A summation of admissibility in Africa
The twin decolonial practices of resistance (or “de-struction”) and liberation (or “con-struction”) characterize the overall methodological focus of this article.Footnote 118 The argumentative moves of critically reflecting on Africa's colonial inheritances and positively reconfiguring social institutions across the continent in advancing towards a path of liberation are germane to both African philosophy and decolonial scholarship.Footnote 119 The interrogation of the northbound-gazing features of African Evidence scholarship and the eight doctrinal fallacies discussed above are examples of the initial decolonial practice of resistance against or critical reflection on what Africa has inherited from the common law British colonial empire. I will now sum up the overall critique of Evidence scholarship in Africa as generally being northbound-gazing and will identify the potential bases for future law reform initiatives in this area.
Firstly, the continued northbound gaze of African Evidence scholarship has the effect of ignoring what is probably the most complex legal complication that has confronted most African jurisdictions since the advent of colonial conquest.
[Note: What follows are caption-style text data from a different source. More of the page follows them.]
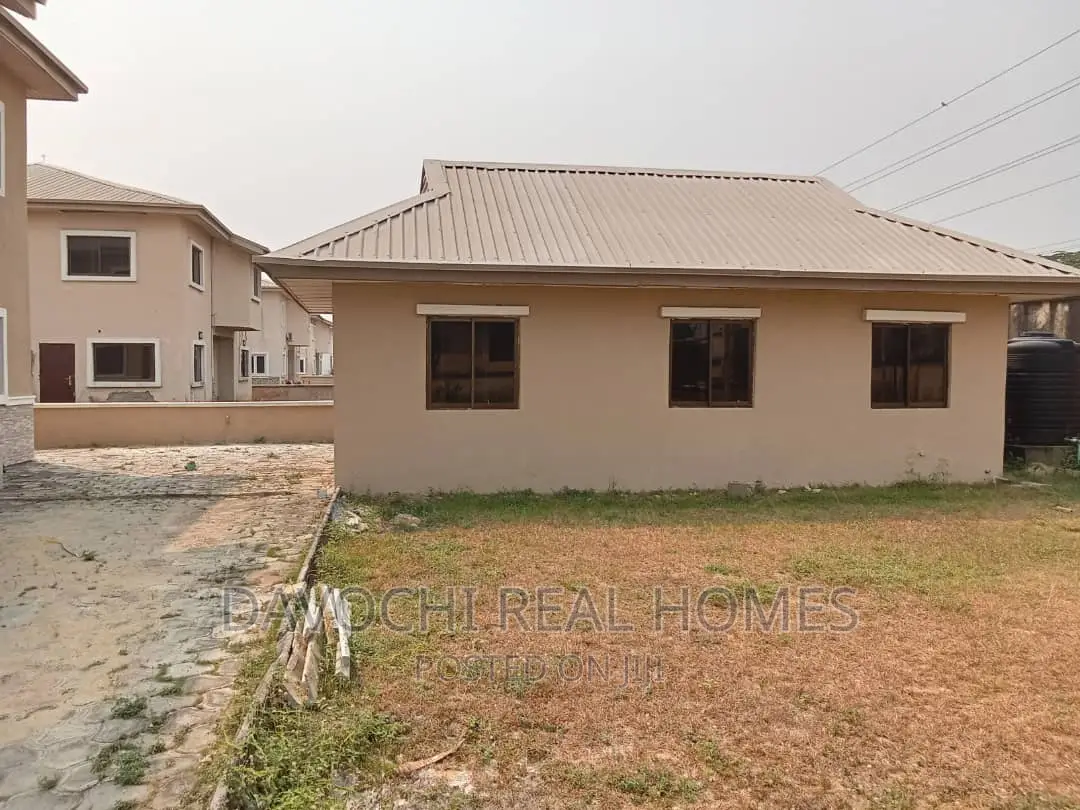5bdrm Duplex in Ajah-Lekki for rent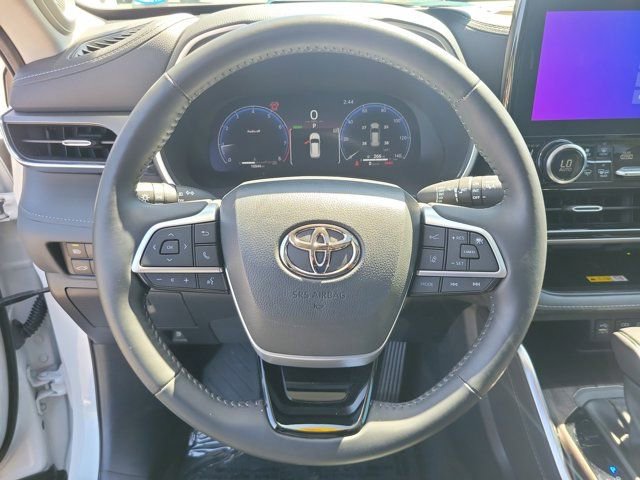 Used 2023 Toyota Highlander Limited image 25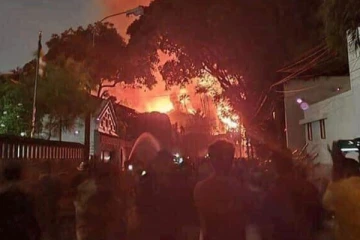 ரணிலின் வீடு தீக்கிரை - பிரதமரின் ஊடகப்பிரிவு வெளியிட்ட தகவல்(படங்கள்)
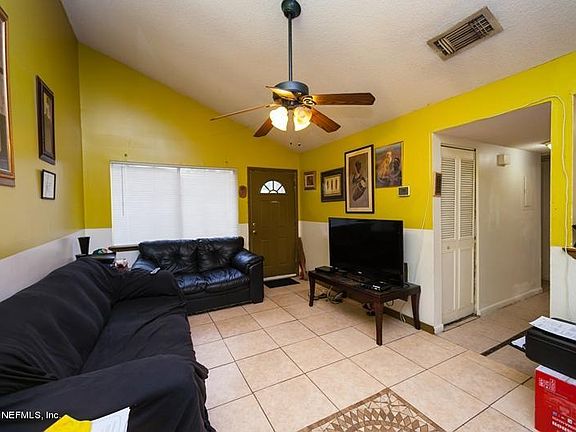 5th image of 2435 Whispering Woods Blvd APT 3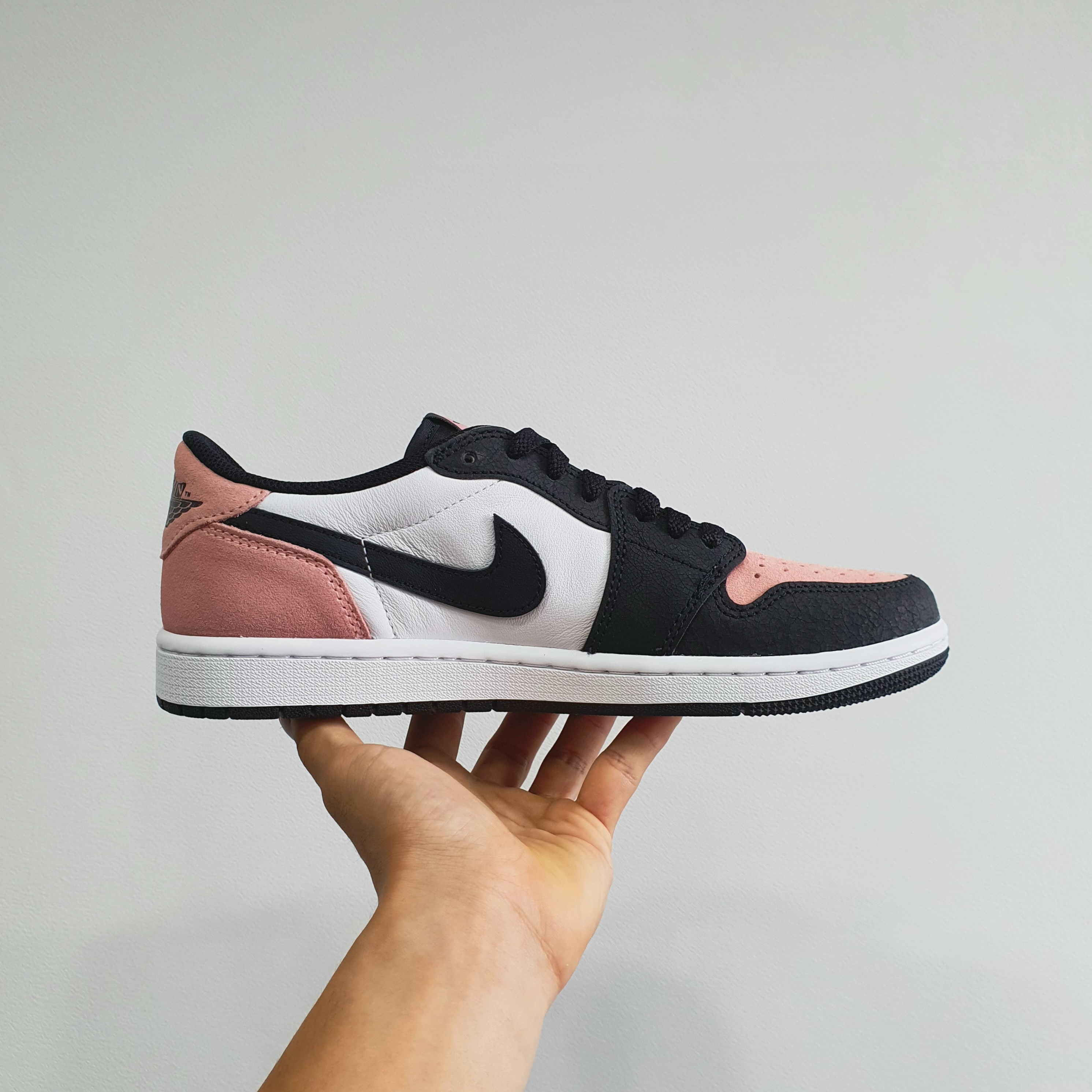 Jordan 1 Retro Low OG Bleached Coral, (GS) Jordan 1 Low OG Bleached Coral 착용 스타일 - 3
What is typically referred to as “the rules of Evidence”, including those pertaining to admissibility as discussed earlier, in fact only refers to what may be conceived of as “state” or “official” rules of Evidence that are separate from indigenous customary law. Pluralism of this sort has several institutional complications, including “conflicts of law”, but it is generally unproblematic in theory. However, a range of serious political legitimacy concerns arise when an overwhelming majority of the population of the continent litigates in traditional courts where the state rules of Evidence discussed earlier do not find application.Footnote 120 The deployment of colonially inherited rules of Evidence in unrepresentative forums in which the majority of the African population does not litigate bears the risk of the legitimacy of these institutional practices being impugned for as long as this type of political under-representation persists.Footnote 121
Secondly, the eight fallacies discussed earlier reveal doctrinal problems across the Mpho le Mphonyana variants of the admissibility rules on the continent. Therefore, there is sufficient room for reform and improvement for most jurisdictions across Nubian Africa. The solution proposed by Allen and his team in Tanzania combines the two formulations, negative (Mpho) and positive (Mphonyana): “All evidence relevant to a material proposition is admissible unless otherwise provided by this Act or by Law. Irrelevant evidence is not admissible.”Footnote 122 Quite apart from the fact that the Tanzanian law reformers were engaged in the perennial northbound gaze towards the Euro-American world in seeing legal solutions, there are at least three difficulties with this proposed solution. Firstly, the qualification to the first, positive (Mphonyana), formulation of the rule, namely “unless otherwise provided by this Act or by Law”, is far too vague to avoid the potential pitfalls discussed under the equivalence fallacy above, thereby risking being in breach of the anti-vagueness prohibition of the rule of law. Secondly, this vague qualification to the positive formulation does not distinguish between the exclusionary rules and other auxiliary prejudicial factors that can outweigh the relevance of evidence. Thirdly, although as currently framed, Allen may avoid the disjunction fallacy discussed earlier, the risk of fact-finders confusing “relevance” and “materiality” still remains, in my view. For example, it is not clear whether Allen would consider evidence adduced to establish facta probanda as well as facts relevant to the facta probanda as being material. It is also not clear from his drafting notes what meaning he has given to relevance or materiality.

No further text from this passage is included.